(Entries taken from a collection)
┌────────
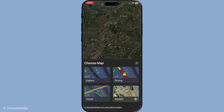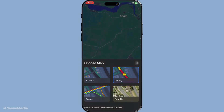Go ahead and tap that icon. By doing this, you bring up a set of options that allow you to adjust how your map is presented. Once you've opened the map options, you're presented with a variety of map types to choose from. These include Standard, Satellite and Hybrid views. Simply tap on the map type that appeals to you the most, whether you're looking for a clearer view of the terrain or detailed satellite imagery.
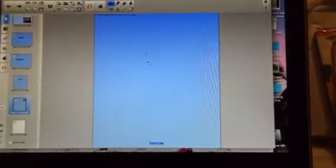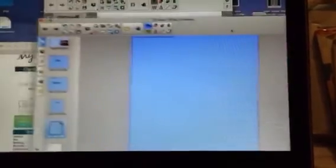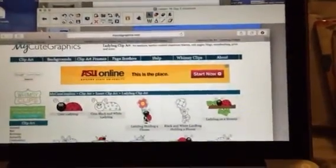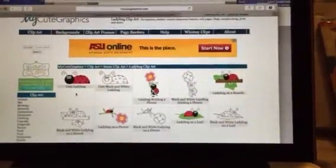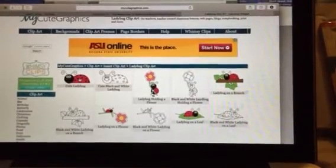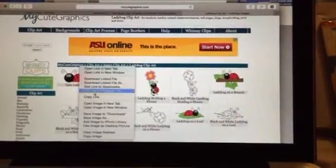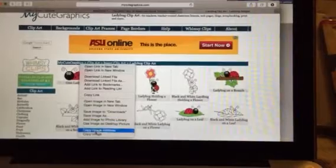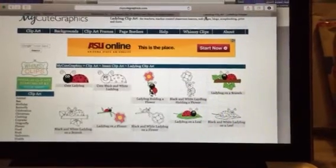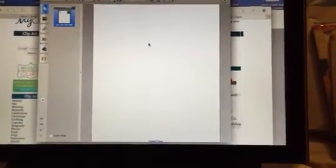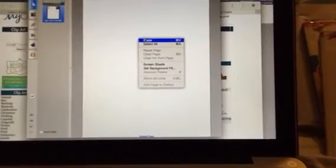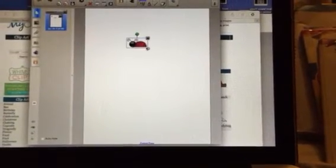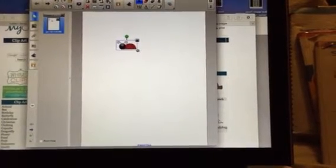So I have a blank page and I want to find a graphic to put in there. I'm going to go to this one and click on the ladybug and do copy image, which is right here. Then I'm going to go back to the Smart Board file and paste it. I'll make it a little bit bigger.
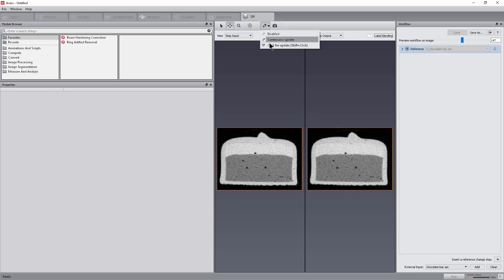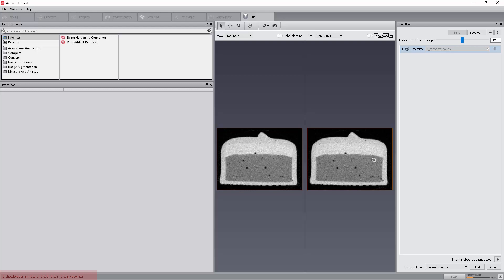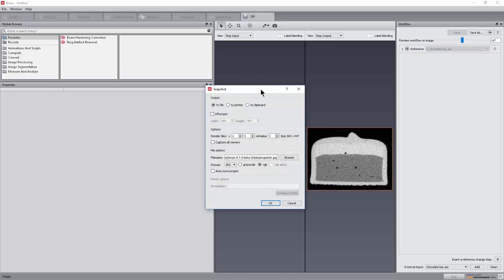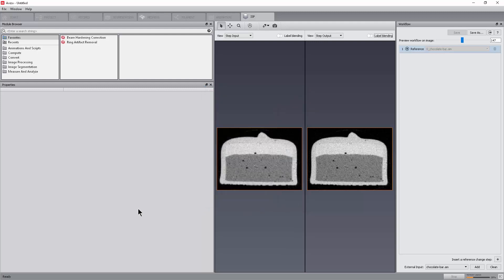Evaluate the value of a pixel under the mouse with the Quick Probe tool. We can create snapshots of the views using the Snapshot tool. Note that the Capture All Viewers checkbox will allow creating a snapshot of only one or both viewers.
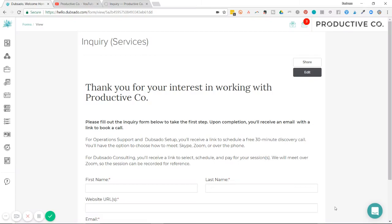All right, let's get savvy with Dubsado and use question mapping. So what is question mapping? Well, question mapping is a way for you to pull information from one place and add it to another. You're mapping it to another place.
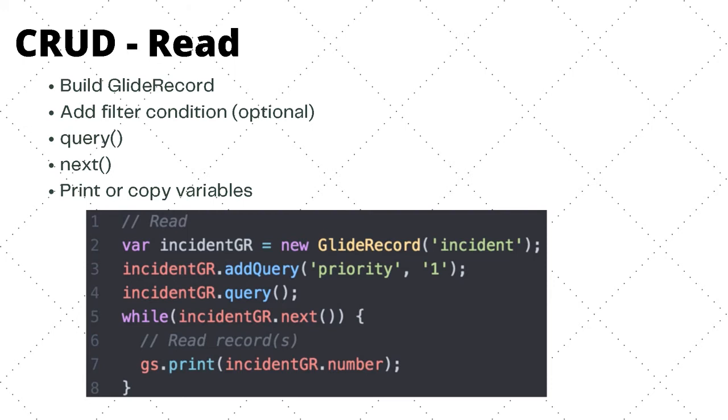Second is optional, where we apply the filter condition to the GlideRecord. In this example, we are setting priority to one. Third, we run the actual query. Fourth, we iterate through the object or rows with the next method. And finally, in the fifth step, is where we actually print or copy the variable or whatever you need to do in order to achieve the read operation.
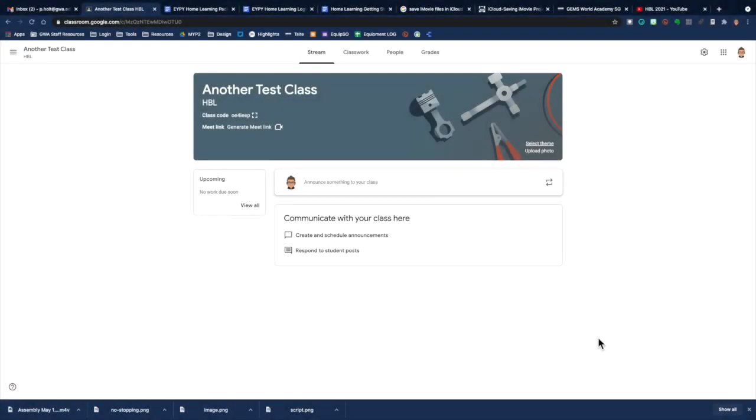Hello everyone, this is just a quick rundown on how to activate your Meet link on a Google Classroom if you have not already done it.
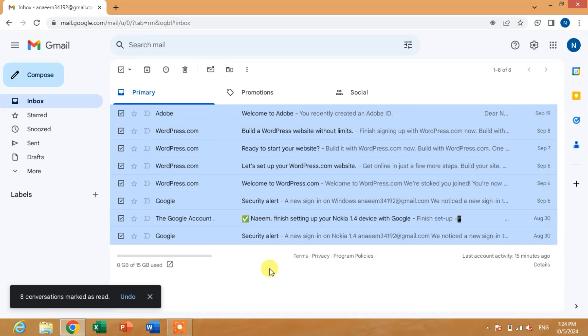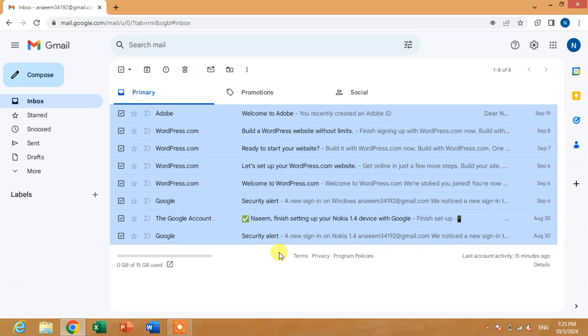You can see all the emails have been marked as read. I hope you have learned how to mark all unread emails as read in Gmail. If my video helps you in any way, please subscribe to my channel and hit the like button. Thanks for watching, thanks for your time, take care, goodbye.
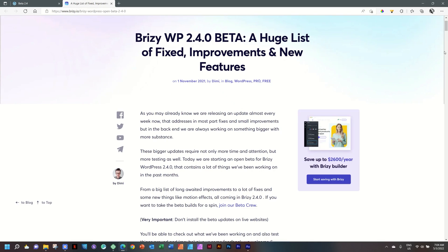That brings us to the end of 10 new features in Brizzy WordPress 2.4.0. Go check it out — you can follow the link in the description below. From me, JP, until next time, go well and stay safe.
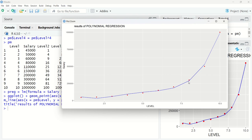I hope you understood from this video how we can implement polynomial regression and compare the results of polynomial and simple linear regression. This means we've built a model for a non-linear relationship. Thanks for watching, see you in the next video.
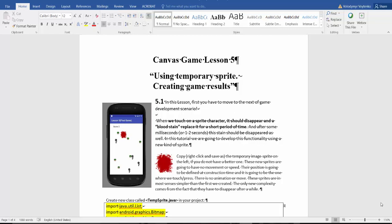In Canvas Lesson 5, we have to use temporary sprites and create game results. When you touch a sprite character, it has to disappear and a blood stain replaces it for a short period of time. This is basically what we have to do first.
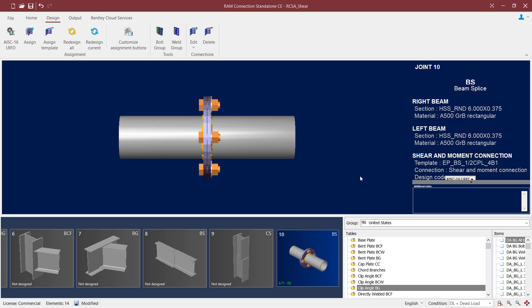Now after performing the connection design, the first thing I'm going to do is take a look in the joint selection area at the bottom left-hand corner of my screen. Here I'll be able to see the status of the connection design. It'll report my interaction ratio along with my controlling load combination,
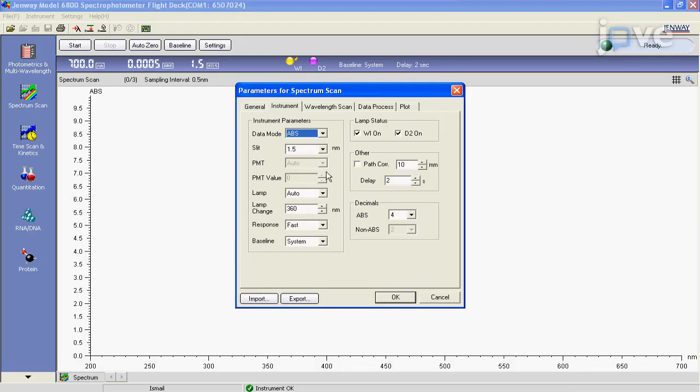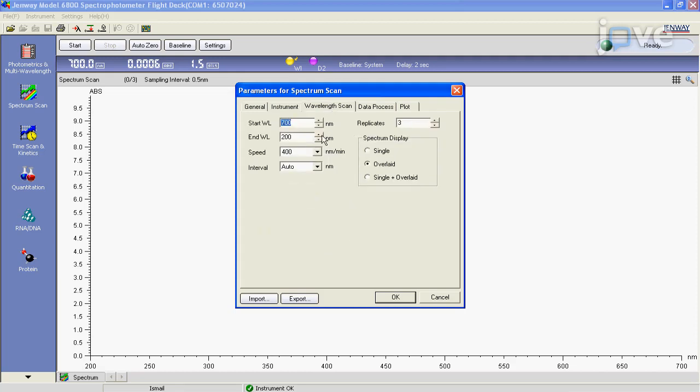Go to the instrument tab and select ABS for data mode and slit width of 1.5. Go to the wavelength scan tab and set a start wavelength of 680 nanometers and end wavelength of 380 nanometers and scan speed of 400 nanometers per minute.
└────────
TASK TO CARRY OUT |
A word-for-word repeat of the lines from the line with "In Canvas Lesson" to the last line of the data, both ends included and pictures left out, is all that should appear.

RESPONSE |
In Canvas Lesson 5, we have to use temporary sprites and create game results. When you touch a sprite character, it has to disappear and a blood stain replaces it for a short period of time. This is basically what we have to do first.
Now after performing the connection design, the first thing I'm going to do is take a look in the joint selection area at the bottom left-hand corner of my screen. Here I'll be able to see the status of the connection design. It'll report my interaction ratio along with my controlling load combination,
Go to the instrument tab and select ABS for data mode and slit width of 1.5. Go to the wavelength scan tab and set a start wavelength of 680 nanometers and end wavelength of 380 nanometers and scan speed of 400 nanometers per minute.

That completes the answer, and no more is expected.